Страница 112 из 118
Теперь есть возможность восстановить логическую и психологическую связь между самыми разнородными фактами, казавшимися не стыкующимися друг с другом. Как раз в это время — воспользуемся выражением ставшего известным во всем мире Павла Судоплатова — Сталин начал «разыгрывать еврейскую карту». Стремясь привлечь для восстановления разрушенной страны крупный еврейский капитал, он пустил утку о создании в Крыму еврейской республики и различными путями заигрывал с готовыми клюнуть на этот крючок западными кругами. Информация о могучем влиянии Валленбергов на шведскую политику вселила в Сталина, Берию и других, разрабатывавших эту операцию, честолюбивые надежды овладеть через Рауля — возможного наследника могучей династии — рычагами воздействия на шведские власти, на шведские банки, а через них и на влиятельные еврейские круги в США и других странах. Сама Коллонтай к этой вербовочной операции отношения, конечно, не имела, но она со своими восторженными шифровками стояла у истоков замысла, родившегося в сталинской голове.

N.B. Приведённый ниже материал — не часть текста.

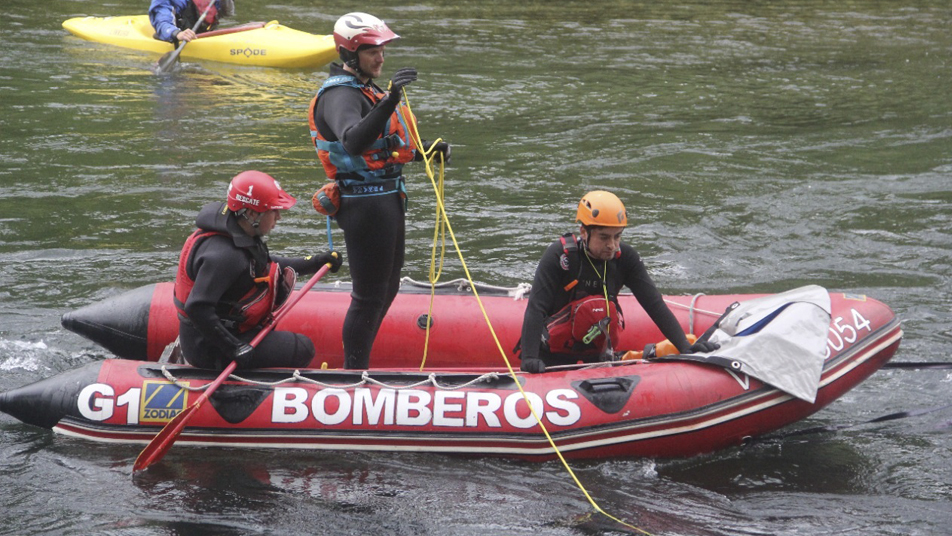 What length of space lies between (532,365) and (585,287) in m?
0.46

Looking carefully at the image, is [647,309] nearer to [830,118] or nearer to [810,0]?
[830,118]

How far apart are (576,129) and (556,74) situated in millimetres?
2286

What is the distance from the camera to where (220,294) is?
466cm

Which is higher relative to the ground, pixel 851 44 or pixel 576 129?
pixel 851 44

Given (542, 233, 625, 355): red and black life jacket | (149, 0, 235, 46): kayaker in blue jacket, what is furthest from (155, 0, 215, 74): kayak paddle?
(542, 233, 625, 355): red and black life jacket

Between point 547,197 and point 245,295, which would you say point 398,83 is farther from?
point 547,197

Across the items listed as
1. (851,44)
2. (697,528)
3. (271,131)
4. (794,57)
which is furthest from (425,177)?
(851,44)

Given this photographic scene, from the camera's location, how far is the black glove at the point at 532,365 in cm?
498

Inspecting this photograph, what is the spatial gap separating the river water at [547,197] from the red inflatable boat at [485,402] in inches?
5.5

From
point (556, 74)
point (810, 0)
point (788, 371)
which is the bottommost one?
point (788, 371)

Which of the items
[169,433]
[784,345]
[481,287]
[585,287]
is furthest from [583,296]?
[169,433]

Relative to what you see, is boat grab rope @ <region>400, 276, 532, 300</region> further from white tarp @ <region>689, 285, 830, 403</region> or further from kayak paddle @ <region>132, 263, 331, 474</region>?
kayak paddle @ <region>132, 263, 331, 474</region>

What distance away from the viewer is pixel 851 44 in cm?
1514

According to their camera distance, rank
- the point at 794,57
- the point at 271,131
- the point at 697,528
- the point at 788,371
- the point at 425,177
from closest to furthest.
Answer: the point at 697,528 < the point at 788,371 < the point at 425,177 < the point at 271,131 < the point at 794,57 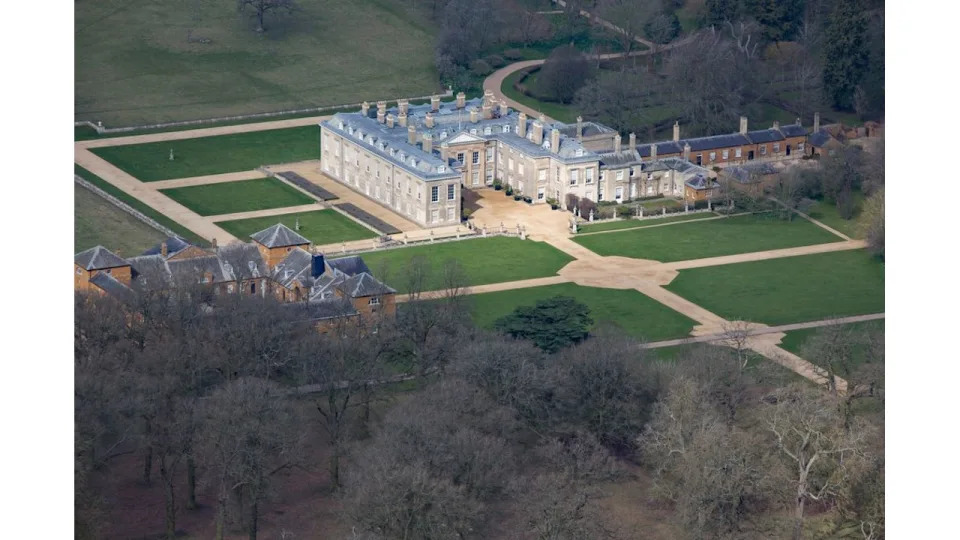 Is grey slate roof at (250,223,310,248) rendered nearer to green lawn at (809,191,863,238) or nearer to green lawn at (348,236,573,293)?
green lawn at (348,236,573,293)

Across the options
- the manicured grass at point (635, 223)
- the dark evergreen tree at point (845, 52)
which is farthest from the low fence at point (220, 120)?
the manicured grass at point (635, 223)

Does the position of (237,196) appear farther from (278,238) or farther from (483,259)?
(278,238)

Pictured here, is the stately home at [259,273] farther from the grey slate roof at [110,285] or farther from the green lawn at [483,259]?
the green lawn at [483,259]

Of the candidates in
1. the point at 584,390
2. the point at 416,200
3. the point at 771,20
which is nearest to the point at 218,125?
the point at 416,200

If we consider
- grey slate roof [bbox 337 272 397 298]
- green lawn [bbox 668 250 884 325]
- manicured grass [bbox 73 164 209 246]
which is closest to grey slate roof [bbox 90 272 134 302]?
grey slate roof [bbox 337 272 397 298]

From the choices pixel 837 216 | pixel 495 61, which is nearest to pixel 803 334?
pixel 837 216

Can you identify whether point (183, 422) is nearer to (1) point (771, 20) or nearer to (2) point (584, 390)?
(2) point (584, 390)
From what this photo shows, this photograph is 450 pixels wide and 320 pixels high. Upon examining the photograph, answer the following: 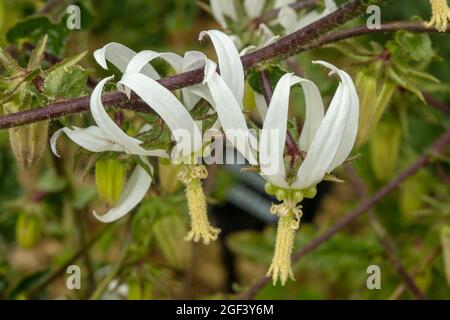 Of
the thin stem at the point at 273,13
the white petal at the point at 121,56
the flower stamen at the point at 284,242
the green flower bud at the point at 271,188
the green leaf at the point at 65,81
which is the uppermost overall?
the thin stem at the point at 273,13

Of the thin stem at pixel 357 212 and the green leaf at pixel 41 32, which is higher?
the green leaf at pixel 41 32

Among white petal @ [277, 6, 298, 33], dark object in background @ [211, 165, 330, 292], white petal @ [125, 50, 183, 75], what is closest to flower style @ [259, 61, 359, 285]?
white petal @ [125, 50, 183, 75]

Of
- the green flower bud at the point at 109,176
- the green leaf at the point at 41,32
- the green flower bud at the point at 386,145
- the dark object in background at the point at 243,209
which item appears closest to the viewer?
the green flower bud at the point at 109,176

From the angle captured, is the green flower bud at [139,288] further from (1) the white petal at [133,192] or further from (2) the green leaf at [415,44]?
(2) the green leaf at [415,44]

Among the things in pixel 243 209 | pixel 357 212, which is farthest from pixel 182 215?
pixel 243 209

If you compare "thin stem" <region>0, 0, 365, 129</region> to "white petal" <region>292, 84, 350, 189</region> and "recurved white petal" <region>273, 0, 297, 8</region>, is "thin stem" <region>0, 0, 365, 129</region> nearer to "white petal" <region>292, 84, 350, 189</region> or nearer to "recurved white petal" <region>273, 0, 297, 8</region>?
"white petal" <region>292, 84, 350, 189</region>

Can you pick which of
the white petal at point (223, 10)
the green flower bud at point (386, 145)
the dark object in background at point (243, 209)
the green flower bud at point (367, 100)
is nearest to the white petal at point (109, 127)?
the green flower bud at point (367, 100) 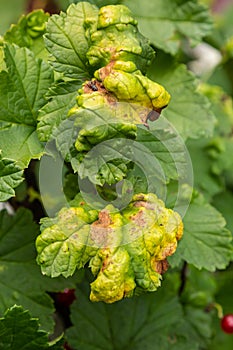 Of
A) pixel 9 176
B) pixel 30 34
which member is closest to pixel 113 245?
pixel 9 176

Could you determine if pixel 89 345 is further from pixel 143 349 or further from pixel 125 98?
pixel 125 98


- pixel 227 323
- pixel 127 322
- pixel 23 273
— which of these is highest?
pixel 23 273

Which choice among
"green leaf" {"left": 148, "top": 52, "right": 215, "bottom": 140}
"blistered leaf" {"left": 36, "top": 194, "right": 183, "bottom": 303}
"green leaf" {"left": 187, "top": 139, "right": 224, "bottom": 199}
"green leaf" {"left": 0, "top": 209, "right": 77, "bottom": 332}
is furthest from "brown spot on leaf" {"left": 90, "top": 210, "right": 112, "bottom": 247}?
"green leaf" {"left": 187, "top": 139, "right": 224, "bottom": 199}

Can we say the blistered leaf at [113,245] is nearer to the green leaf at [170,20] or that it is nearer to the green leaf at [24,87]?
the green leaf at [24,87]

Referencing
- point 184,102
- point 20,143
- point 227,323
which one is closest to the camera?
point 20,143

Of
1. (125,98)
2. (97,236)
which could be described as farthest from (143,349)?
(125,98)

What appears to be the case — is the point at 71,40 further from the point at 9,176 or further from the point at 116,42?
the point at 9,176

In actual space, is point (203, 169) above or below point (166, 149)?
below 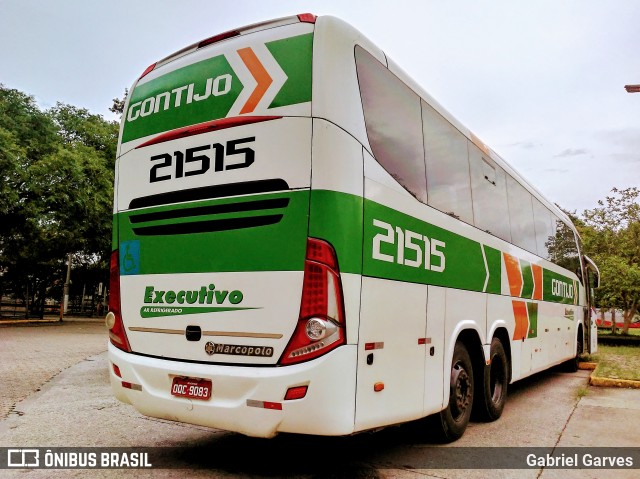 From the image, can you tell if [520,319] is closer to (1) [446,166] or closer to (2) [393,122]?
(1) [446,166]

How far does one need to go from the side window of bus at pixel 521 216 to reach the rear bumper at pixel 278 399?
477cm

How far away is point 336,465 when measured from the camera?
4637mm

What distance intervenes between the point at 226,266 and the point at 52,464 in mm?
2393

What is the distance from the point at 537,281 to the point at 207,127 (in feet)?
20.9

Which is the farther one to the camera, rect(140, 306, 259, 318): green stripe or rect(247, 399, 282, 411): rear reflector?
rect(140, 306, 259, 318): green stripe

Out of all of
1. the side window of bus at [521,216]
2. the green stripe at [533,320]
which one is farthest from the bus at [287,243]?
the green stripe at [533,320]

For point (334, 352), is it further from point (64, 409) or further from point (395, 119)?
point (64, 409)

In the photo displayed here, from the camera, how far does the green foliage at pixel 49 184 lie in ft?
64.0

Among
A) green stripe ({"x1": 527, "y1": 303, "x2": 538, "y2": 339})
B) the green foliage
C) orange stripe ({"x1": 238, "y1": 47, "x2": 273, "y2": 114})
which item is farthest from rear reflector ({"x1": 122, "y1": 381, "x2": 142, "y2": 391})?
the green foliage

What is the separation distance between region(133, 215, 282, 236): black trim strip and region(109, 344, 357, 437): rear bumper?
1.07m

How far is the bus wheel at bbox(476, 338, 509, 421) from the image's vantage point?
6.28m

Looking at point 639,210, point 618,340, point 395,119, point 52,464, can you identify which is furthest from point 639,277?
point 52,464

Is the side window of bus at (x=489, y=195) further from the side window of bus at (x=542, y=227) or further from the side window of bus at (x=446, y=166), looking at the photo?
the side window of bus at (x=542, y=227)

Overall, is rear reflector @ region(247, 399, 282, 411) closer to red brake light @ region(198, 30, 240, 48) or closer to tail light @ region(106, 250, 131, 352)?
tail light @ region(106, 250, 131, 352) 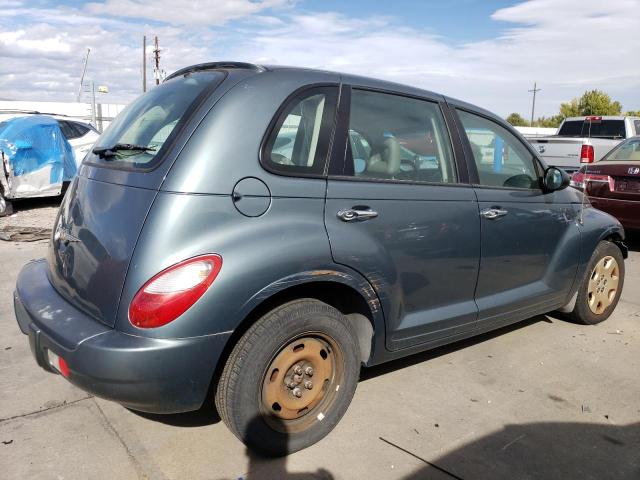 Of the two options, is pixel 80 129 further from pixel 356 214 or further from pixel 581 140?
pixel 356 214

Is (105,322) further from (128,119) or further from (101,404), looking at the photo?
(128,119)

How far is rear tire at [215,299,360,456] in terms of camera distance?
2459 millimetres

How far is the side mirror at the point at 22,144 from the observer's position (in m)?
9.09

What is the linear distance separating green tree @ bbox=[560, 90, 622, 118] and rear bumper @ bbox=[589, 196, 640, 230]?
4358cm

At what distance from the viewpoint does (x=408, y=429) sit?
3.00 meters

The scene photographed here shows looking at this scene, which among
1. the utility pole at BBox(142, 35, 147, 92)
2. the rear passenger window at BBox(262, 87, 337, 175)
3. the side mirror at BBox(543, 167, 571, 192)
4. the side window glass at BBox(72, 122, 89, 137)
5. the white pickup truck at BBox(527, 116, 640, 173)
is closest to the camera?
the rear passenger window at BBox(262, 87, 337, 175)

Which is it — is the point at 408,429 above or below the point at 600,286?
below

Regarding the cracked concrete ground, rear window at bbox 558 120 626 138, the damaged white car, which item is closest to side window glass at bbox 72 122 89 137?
the damaged white car

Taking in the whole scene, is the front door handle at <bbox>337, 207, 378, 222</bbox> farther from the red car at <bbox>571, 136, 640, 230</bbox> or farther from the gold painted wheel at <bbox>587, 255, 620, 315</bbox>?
the red car at <bbox>571, 136, 640, 230</bbox>

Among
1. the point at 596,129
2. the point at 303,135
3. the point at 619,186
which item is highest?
the point at 596,129

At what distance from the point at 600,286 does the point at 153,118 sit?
3793mm

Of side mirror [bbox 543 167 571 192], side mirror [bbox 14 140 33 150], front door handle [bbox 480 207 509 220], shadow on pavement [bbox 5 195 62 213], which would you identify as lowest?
shadow on pavement [bbox 5 195 62 213]

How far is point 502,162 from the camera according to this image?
12.3 ft

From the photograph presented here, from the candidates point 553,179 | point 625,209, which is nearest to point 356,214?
point 553,179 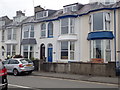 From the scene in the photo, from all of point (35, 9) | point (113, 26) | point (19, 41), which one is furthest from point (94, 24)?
point (19, 41)

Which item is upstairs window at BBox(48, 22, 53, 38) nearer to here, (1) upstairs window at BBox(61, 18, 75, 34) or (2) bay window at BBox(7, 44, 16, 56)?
(1) upstairs window at BBox(61, 18, 75, 34)

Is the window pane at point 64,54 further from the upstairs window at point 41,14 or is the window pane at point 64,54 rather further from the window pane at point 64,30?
the upstairs window at point 41,14


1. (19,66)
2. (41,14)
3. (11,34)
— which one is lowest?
(19,66)

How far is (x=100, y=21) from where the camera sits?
19.6 metres

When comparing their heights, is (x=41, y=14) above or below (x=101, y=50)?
above

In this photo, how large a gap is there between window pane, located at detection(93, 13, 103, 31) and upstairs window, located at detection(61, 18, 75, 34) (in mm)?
3279

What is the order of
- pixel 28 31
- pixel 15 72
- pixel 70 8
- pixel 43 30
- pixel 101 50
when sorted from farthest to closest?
pixel 28 31 → pixel 43 30 → pixel 70 8 → pixel 101 50 → pixel 15 72

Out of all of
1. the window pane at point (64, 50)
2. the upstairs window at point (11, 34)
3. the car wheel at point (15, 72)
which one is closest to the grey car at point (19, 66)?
the car wheel at point (15, 72)

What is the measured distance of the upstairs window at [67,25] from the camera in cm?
2236

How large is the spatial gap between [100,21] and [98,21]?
0.24 m

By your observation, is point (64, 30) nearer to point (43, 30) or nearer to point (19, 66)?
point (43, 30)

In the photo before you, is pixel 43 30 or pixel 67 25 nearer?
pixel 67 25

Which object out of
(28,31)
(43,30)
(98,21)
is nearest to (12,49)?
(28,31)

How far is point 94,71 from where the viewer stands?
1538 centimetres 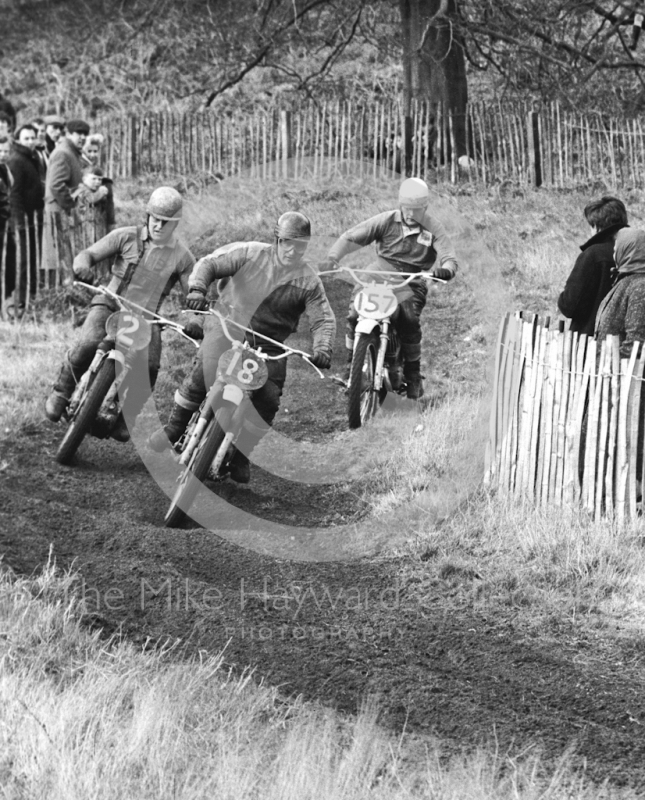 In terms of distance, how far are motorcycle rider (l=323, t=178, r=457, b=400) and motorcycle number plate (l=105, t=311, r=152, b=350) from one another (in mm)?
1792

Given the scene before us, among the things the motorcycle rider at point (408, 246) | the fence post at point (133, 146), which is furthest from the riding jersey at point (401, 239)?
the fence post at point (133, 146)

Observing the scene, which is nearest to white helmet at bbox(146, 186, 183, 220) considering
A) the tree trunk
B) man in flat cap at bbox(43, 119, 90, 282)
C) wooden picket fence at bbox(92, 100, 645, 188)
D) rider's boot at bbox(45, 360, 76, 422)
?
rider's boot at bbox(45, 360, 76, 422)

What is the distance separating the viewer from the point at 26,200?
43.1 feet

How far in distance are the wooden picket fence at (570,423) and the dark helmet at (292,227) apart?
158cm

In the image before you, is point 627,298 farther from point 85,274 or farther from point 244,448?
point 85,274

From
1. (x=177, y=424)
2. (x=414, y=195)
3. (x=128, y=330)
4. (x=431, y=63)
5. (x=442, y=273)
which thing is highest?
(x=431, y=63)

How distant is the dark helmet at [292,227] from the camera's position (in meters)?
7.53

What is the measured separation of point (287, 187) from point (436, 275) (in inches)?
374

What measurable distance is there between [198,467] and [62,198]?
696 cm

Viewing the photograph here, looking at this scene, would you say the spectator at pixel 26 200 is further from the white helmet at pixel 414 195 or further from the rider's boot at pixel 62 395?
the white helmet at pixel 414 195

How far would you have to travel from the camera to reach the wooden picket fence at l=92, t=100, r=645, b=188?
1741 centimetres

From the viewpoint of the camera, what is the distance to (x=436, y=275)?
880 centimetres

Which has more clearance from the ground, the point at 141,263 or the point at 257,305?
the point at 141,263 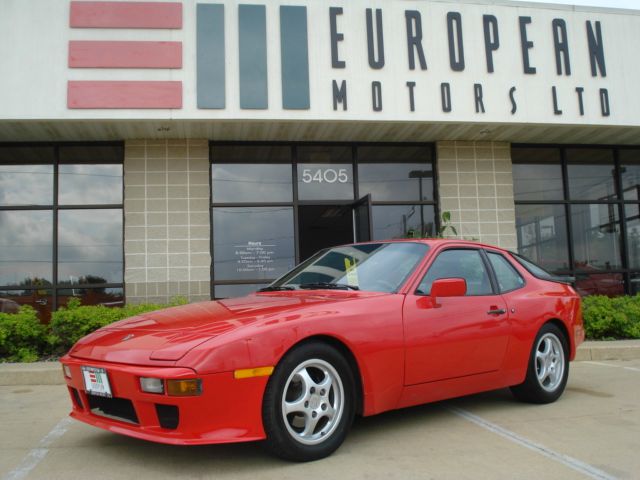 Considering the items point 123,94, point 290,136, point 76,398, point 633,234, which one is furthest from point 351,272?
point 633,234

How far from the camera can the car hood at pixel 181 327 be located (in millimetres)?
3084

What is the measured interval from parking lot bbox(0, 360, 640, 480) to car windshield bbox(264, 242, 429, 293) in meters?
1.02

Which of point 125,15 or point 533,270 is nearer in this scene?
point 533,270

При всем кажущемся безумии лубянский план был весьма ординарен. Во всяком случае, он мало чем отличался от множества ему подобных, дававших не раз прекрасный результат. Если в той же Скандинавии можно было поставить на службу Москве крупнейших политиков (например, шведского министра социального обеспечения Густава Меллера и его жену, известную журналистку Эльзу Кляйн), прославленных писателей, актеров, художников, ученых, то почему этой участи должен был избежать дипломат из банкирской семьи, на которого сначала решили воздействовать лестью, пробуждением в нем благородных и гуманных чувств, а потом, в случае неудачи, угрозами и шантажом? Как мы знаем, даже обещание выставить Рауля немецким агентом (раз уж он вел переговоры с нацистскими спецслужбами!) и двойником не дало результатов. Замысел сорвался, и, по трагической иронии судьбы, человек, спасавший (и спасший) десятки тысяч евреев, погиб в советских застенках от рук двух палачей-евреев: считавшийся профессором медицины полковник Григорий Майрановский и подполковник Дмитрий Копелянский впрыснули ему смертельную дозу яда. Таким был результат неумело проведенной вербовки.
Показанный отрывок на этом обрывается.